* [Prompt]
Once you reach the line holding "Here's the same", write out that line and every later one exactly, ending with the last line of the data; write nothing else.

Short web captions

----

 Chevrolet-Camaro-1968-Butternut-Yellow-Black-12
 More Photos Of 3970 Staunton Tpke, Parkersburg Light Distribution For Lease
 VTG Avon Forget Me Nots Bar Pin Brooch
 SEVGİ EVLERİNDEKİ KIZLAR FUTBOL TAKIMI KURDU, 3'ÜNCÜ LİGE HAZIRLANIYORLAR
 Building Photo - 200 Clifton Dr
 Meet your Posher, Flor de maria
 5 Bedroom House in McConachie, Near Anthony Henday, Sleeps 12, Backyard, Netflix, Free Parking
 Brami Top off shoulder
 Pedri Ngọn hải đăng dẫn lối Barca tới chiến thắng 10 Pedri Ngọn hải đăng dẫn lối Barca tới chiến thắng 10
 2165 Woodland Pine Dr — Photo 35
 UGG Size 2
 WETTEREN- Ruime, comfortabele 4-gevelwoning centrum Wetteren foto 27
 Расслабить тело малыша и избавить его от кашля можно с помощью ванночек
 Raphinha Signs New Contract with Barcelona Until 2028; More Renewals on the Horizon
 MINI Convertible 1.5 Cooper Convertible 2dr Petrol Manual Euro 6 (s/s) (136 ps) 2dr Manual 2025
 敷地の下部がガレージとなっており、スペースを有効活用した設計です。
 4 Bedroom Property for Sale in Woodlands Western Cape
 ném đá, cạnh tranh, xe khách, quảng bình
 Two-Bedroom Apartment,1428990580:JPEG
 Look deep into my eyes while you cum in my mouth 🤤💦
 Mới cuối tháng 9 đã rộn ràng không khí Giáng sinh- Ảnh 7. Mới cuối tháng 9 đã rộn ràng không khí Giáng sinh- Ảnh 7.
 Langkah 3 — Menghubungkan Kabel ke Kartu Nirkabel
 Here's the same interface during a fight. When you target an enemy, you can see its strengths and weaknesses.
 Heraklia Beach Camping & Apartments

----

* [The completed task]
 Here's the same interface during a fight. When you target an enemy, you can see its strengths and weaknesses.
 Heraklia Beach Camping & Apartments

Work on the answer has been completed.